L'INFO. "Je ne vais pas vous laisser vendre l'une des meilleures startups françaises. Vous ne savez pas ce que vous faites." À en croire ces propos rapportés mercredi par le Wall Street Journal, Arnaud Montebourg n'avait pas la moindre petite envie de laisser Yahoo! acquérir Dailymotion. Et le ministre du Redressement productif vient d'obtenir gain de cause. Le géant américain d'internet vient en effet d'annoncer qu'il renonçait à entrer dans le capital du site français de partage de vidéos. L'accord du gouvernement semble ainsi nécessaire pour obtenir la main de Dailymotion.

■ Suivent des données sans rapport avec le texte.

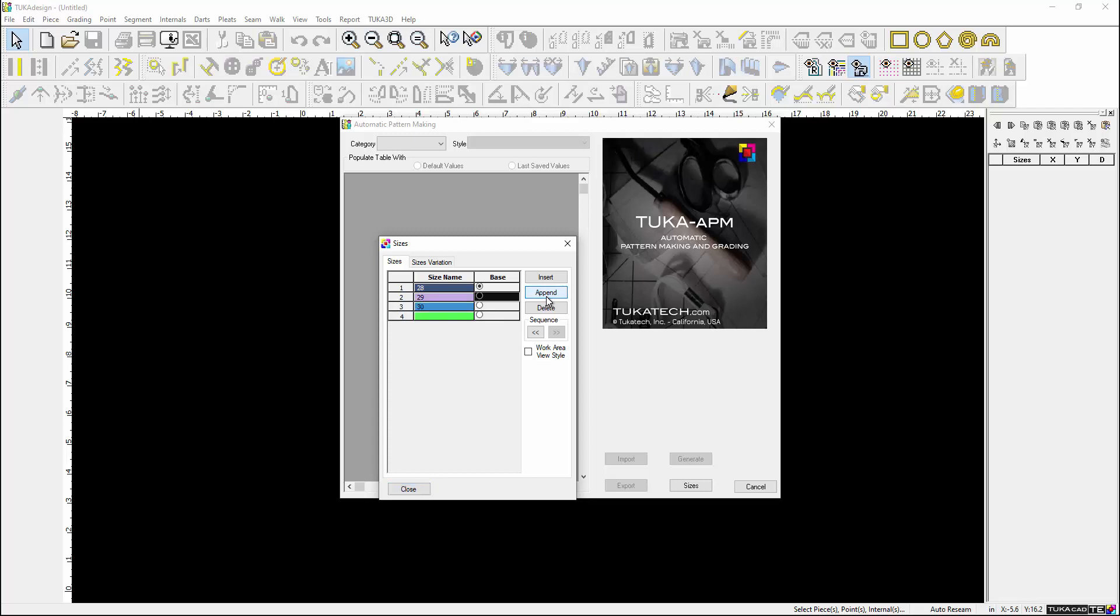The size labels are completely customizable, varying from small to extra-large or 28 to 38. The options are unlimited.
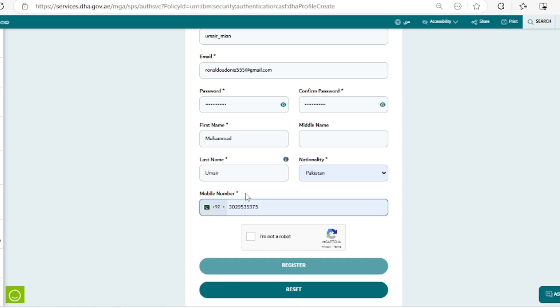Next is your first name and last name. This is the most important step in registration because the first and last name on DHA Sharjah portal must be the same as on your documents.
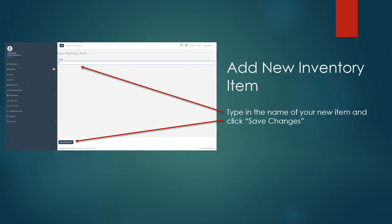When choosing a new inventory item, type in the name of the item you'd like to have. After that, click save changes in the bottom left hand corner.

Mais pourquoi Bercy le cajole-t-il autant ? Éléments de réponse.
>> À écouter aussi, l'interview d'Arnaud Montebourg sur Europe1 :
Pourquoi ce renoncement ? Yahoo! négociait depuis plusieurs mois une entrée à 75% dans le capital de Dailymotion, possédé à 100% par Orange, dont l'Etat est actionnaire à 27%. Mais le gouvernement, notamment par la voix d'Arnaud Montebourg, soutenu par Pierre Moscovici, a fait savoir qu'il refusait catégoriquement une entrée à plus de 50% dans le capital du site français. Et Stéphane Richard, le PDG d'Orange, qui brigue un second mandat à la tête de l'opérateur, "n'aurait pas voulu se brouiller avec l'Etat", explique le journal Le Monde.

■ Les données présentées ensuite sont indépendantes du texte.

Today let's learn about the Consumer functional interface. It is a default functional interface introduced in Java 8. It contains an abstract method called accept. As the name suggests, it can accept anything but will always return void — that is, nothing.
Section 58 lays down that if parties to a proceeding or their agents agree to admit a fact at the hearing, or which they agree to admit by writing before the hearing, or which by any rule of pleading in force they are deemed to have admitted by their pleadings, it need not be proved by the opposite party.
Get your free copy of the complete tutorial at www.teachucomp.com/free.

Pourquoi l’État était-il si exigeant ? "Dailymotion est l'une des rares sociétés de contenus que la France ait réussi à faire émerger sur le Web ces dernières années, c'est une vraie perle, et qui en plus ne perd pas d'argent. Ce serait quand même dommage de la laisser filer", détaillait au Monde, mardi 23 avril, une "figure de l'Internet français" proche de Bercy. Deux éléments majeurs expliquent la détermination du gouvernement à garder la "perle" sous les couleurs tricolores. Le premier : l'emploi. "Nous ne sommes pas dogmatiques mais cette option d’une entrée de Yahoo! n’a de sens que si le portail américain prend des engagements très forts sur le maintien de l’activité et du siège en France", explique un haut fonctionnaire de Bercy, cité par la Tribune. Le site de partage de vidéos emploie 180 personnes, dont 120 à Paris.
Bientôt un "pôle numérique français"? Et comme l'explique une source proche de Bercy citée par la Tribune, le gouvernement réfléchit également à la création d'un "pôle numérique français" autour de Dailymotion avec "des activités connexes" à celle du partage de vidéo. Via le Fonds stratégies d'investissement (FSI), l'Etat pourrait même reprendre des participations dans Dailymotion pour l'aider à son développement (le chiffre d'un investissement à hauteur de 50 millions d'euros est avancé par certaines sources).
Orange aurait-il mieux fait de signer avec Yahoo!? Le hic, c'est qu'il existe peu d'acteurs franco-français du numérique susceptibles de s'associer avec Dailymotion pour l'aider à se développer efficacement. "C’est déjà trop tard pour Deezer, qui a levé 100 millions d’euros à l’automne auprès d’Access Industries. Le réseau social pour professionnel Viadeo semble, lui, assez éloigné de cet univers des contenus. La pépite Criteo, spécialiste du ciblage publicitaire, aussi, et elle serait de surcroît dans les starting-blocks pour une introduction en Bourse à New York", développe ainsi la Tribune. Et l'Etat n'a pas les caisses suffisamment remplies pour créer à lui seul ce "pôle numérique français".
D'autant que si Dailymotion est à l'équilibre et peut s'enorgueillir d'une croissance de +55% en 2012, il reste très loin d'être aussi puissant que son rival américain Youtube. En octobre 2012, Dailymotion pointait en effet au 31e rang mondial en termes d'audience, avec un peu plus de 115 millions de visiteurs uniques mensuels, alors que YouTube vient de passer la barre du milliard. Ce qui fait dire, y compris chez Orange, que le rejet de Yahoo!, qui aurait pu lui ouvrir les portes du marché américain, n'était pas forcément une si bonne idée que ça…
Bercy y croit. Le gouvernement reste toutefois convaincu de pouvoir trouver des partenaires pour ses projets. Certains noms circulent déjà, à l'instar de ceux de Vivendi et Lagardère (propriétaire d'Europe1), qui ont une bonne connaissance du marché américain, ou de TF1, qui avait déjà envisagé de racheter Dailymotion en 2007.